» EXERCISE PROMPT
Line by line, repeat the material below exactly and skip the images.

» DATA SHOWN
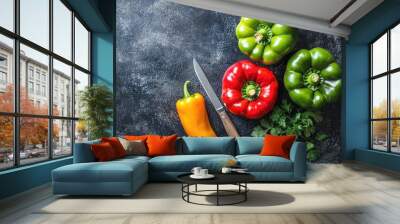 Vibrant assortment of bell peppers with fresh herbs and a knife, perfect for culinary presentations and healthy recipes. Wall mural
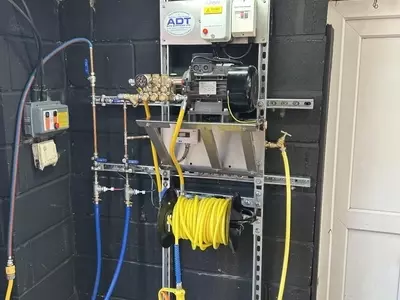 Custom wall-mounted pressure washer system with pump hardware and 20-metre hose reel installed in a vehicle detailer&rsquo;s workshop in Coalville.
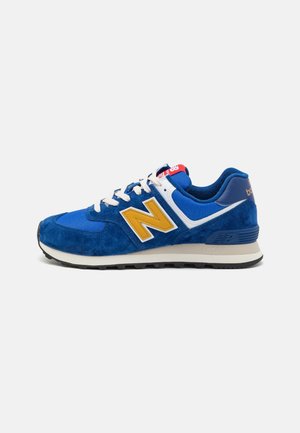 Niebiesko-żółty sneaker New Balance z białymi sznurówkami i podeszwą, pokazany z boku na jednolitym jasnoszarym tle.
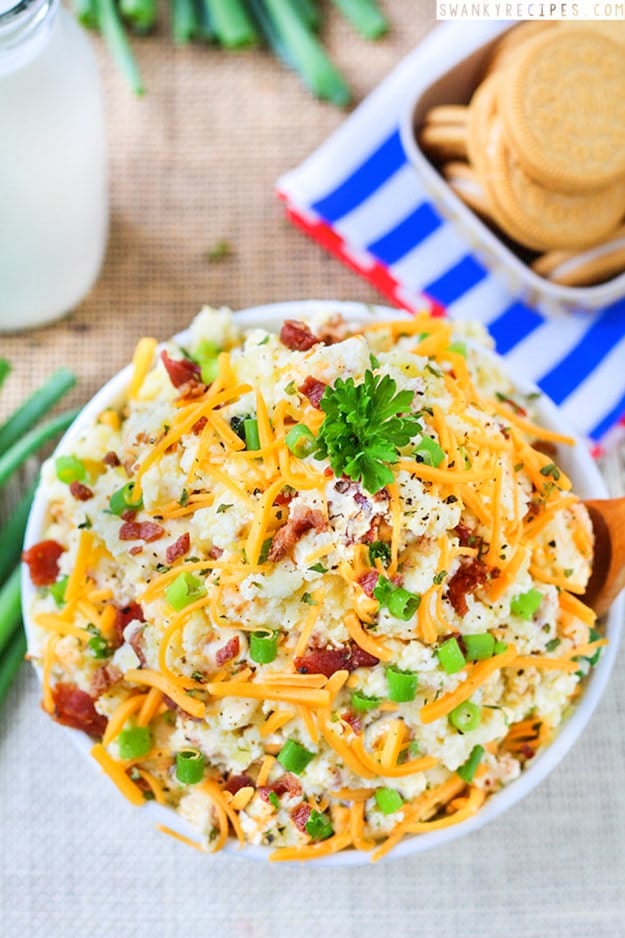 Bowl of potato salad topped with cheese, bacon, and onions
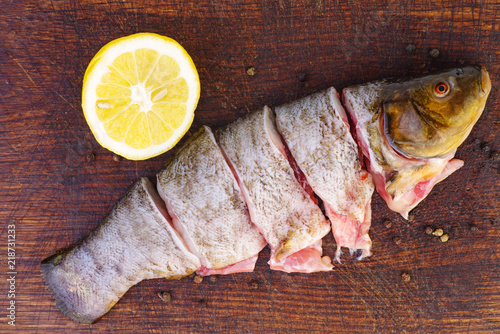 Fényképezés Sliced ready-to-cook tench fish and lemon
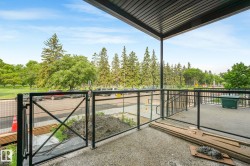 Covered outdoor patio space with concrete flooring, black metal railing, and clear glass panels -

» OUTPUT FOR THIS EXERCISE
 Vibrant assortment of bell peppers with fresh herbs and a knife, perfect for culinary presentations and healthy recipes. Wall mural
 Custom wall-mounted pressure washer system with pump hardware and 20-metre hose reel installed in a vehicle detailer&rsquo;s workshop in Coalville.
 Niebiesko-żółty sneaker New Balance z białymi sznurówkami i podeszwą, pokazany z boku na jednolitym jasnoszarym tle.
 Bowl of potato salad topped with cheese, bacon, and onions
 Fényképezés Sliced ready-to-cook tench fish and lemon
 Covered outdoor patio space with concrete flooring, black metal railing, and clear glass panels -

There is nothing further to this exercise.